What is needed
The lines to reproduce from the material below are those from the one containing "Mật ong có diệt" through the one containing "美肌ケア 痛感なし Qzt", both included; write them out exactly and add nothing.
· · · ·
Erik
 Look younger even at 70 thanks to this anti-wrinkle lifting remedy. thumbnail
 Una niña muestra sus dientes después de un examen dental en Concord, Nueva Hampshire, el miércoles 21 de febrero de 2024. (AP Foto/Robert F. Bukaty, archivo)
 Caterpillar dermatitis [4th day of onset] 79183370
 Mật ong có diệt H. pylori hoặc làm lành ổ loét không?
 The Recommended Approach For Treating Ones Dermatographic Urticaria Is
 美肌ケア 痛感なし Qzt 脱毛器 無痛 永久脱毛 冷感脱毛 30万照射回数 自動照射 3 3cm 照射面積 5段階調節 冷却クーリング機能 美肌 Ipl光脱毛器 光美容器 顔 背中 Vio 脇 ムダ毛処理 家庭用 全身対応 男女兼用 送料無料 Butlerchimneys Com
· · · ·
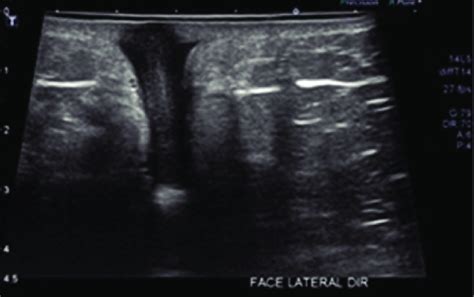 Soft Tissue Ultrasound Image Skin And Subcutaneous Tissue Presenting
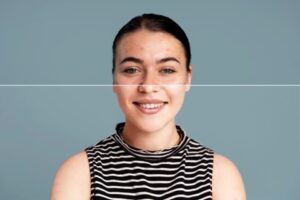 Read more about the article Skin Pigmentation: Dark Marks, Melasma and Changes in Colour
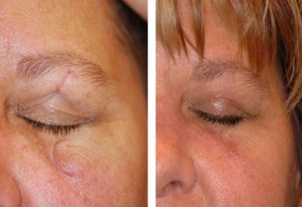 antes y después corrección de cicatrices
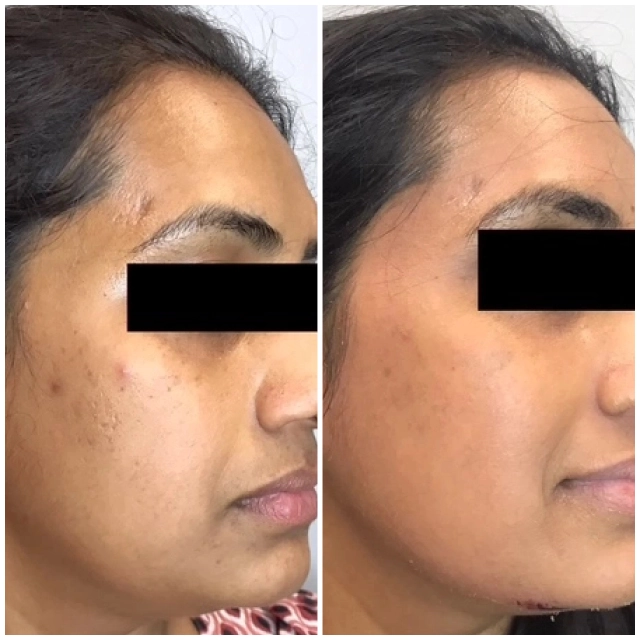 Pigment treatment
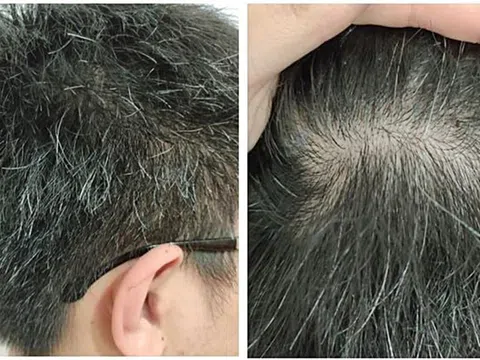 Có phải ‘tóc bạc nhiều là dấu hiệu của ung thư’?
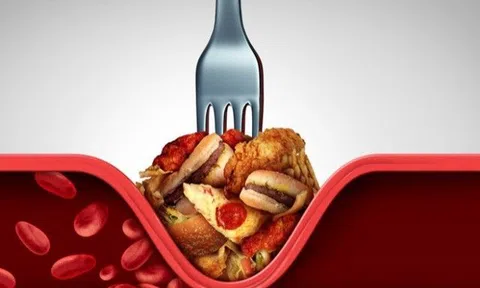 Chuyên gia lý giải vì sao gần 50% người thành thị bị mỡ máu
· · · ·
Response to this task
 Mật ong có diệt H. pylori hoặc làm lành ổ loét không?
 The Recommended Approach For Treating Ones Dermatographic Urticaria Is
 美肌ケア 痛感なし Qzt 脱毛器 無痛 永久脱毛 冷感脱毛 30万照射回数 自動照射 3 3cm 照射面積 5段階調節 冷却クーリング機能 美肌 Ipl光脱毛器 光美容器 顔 背中 Vio 脇 ムダ毛処理 家庭用 全身対応 男女兼用 送料無料 Butlerchimneys Com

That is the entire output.